All right, I’ll say it. Jim Balsillie is the perfect NHL owner; a hockey-fanatic billionaire.
And I’d love to see another Canadian NHL team, especially in the under-served southern Ontario market. But I’m sick of Balsillie’s act.
I’ve said it before and I’ll say it again: NHL ownership is a country club; hopeful members must apply and be invited to join. Balsillie has tried to force his way in through the side door with the Coyotes and attempted to turn the whole affair into a Canada vs. the U.S. deal, after making no friends by selling season tickets to the Hamilton Predators a couple years back, before even coming close to purchasing that team.
The saga is not entirely Balsillie’s fault; surely the league has to take some of the blame, what with the way it reacted to initial reports of problems in the desert and even the way it continues to conduct its business concerning the team. (On Sunday, the league essentially submarined the very idea of a viable Phoenix franchise by saying in regards to a relocation fee, “the notion that a team in Hamilton would be worth only $11.2 million to $12.9 million more than a team in Phoenix is patently absurd.”)
Balsillie’s means to his desired end have done nothing but tarnish the reputation of the NHL – my NHL, your NHL, every hockey fan’s NHL. And for that I have not even a modicum of sympathy for the RIM magnate.
The latest maneuver in his ill-conceived stab at gaining control of the Coyotes is to essentially pay off the city of Glendale. Balsillie’s lawyers admit Glendale will suffer “significant damages” if the Coyotes leave town, but hope the short-term gain of $40-50 million will assuage the city enough to get it on Balsillie’s side, along with current Coyotes owner Jerry Moyes.
No matter how many ducks Balsillie manages to get in a row, does any reasonable person believe any entity other than the NHL should be able to control where the league’s teams play? No other franchise-based business – McDonald’s, Home Depot, whatever – allows rogue owners to put restaurants or stores wherever they please – and especially not within direct-competition range of current franchises.

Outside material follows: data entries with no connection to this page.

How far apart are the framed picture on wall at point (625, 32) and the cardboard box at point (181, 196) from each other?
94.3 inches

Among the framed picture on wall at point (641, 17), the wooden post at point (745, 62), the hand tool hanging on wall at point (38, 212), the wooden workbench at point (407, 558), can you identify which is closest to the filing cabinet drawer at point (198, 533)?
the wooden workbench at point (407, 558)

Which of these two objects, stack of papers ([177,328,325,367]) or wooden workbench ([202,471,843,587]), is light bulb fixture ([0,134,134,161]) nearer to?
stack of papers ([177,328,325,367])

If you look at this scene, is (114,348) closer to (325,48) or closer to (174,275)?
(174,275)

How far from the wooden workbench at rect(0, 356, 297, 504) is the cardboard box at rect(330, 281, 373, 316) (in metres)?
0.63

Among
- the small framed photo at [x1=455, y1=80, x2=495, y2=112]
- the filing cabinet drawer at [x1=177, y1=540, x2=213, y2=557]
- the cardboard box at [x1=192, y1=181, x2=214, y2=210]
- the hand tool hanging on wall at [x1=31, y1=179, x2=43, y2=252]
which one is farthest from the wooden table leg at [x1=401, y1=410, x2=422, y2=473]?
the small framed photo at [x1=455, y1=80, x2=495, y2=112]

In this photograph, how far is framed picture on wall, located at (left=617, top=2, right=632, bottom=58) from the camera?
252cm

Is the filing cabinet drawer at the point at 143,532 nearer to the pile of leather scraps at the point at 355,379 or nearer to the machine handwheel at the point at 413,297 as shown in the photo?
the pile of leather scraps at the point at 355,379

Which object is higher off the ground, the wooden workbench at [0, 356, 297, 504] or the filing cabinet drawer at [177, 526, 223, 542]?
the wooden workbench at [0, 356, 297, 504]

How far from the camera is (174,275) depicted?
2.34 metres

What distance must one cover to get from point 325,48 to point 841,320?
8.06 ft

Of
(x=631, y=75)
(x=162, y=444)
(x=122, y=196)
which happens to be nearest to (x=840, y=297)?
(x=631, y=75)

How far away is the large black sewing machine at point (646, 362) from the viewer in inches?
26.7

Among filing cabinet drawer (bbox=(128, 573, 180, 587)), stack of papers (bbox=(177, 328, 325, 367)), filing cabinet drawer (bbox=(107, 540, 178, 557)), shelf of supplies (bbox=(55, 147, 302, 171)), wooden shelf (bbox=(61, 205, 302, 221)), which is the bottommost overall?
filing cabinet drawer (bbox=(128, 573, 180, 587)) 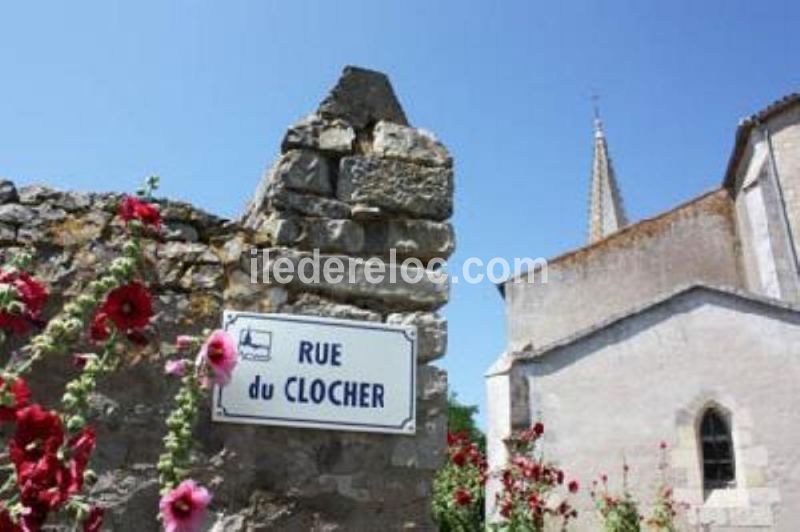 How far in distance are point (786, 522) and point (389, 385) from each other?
7.55m

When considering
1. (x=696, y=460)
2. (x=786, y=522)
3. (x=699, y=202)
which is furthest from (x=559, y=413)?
(x=699, y=202)

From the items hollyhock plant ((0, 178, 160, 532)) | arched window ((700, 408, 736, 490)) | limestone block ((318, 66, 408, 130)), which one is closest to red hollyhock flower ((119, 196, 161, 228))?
hollyhock plant ((0, 178, 160, 532))

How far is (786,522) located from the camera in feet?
29.7

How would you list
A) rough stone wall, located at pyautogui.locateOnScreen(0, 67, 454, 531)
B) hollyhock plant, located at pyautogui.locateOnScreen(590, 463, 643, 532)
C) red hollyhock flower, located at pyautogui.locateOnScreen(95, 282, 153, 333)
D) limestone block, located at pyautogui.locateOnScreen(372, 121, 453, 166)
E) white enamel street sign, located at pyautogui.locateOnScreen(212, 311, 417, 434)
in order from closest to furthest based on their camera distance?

Balsillie’s antics – and that’s really the best word I have for them – while trying to gain control of the Coyotes likely have burned too many NHL bridges now to ever allow him membership. But if there is any hope he can be granted control of a franchise, I hope he changes tactics.
If Balsillie dropped his pursuit of the Coyotes, privately apologized to the league, the board of governors and all of the other owners – especially Eugene Melnyk – for his machinations, maybe when the NHL seriously considers expanding or moving another team to Hamilton, Toronto or wherever in Ontario, he’ll be allowed to put forth a bid.
Maybe if he stays quiet when this is all said and done and doesn’t set his sights on whichever economically-challenged franchise next comes down the pipe – Tampa, the Islanders, Atlanta (if that ownership mess is ever solved) – with his I’m-a-billionaire-and-can-do-whatever-I-want attitude, he’ll actually be handed a team; treated as a savior, even.
Maybe. Not likely, but maybe.
Most importantly, let’s all hope however the Phoenix situation is resolved, it ends quickly. What we don’t want is for this to drag on into the season any more than it already will.
Lets just get back to playing hockey, already.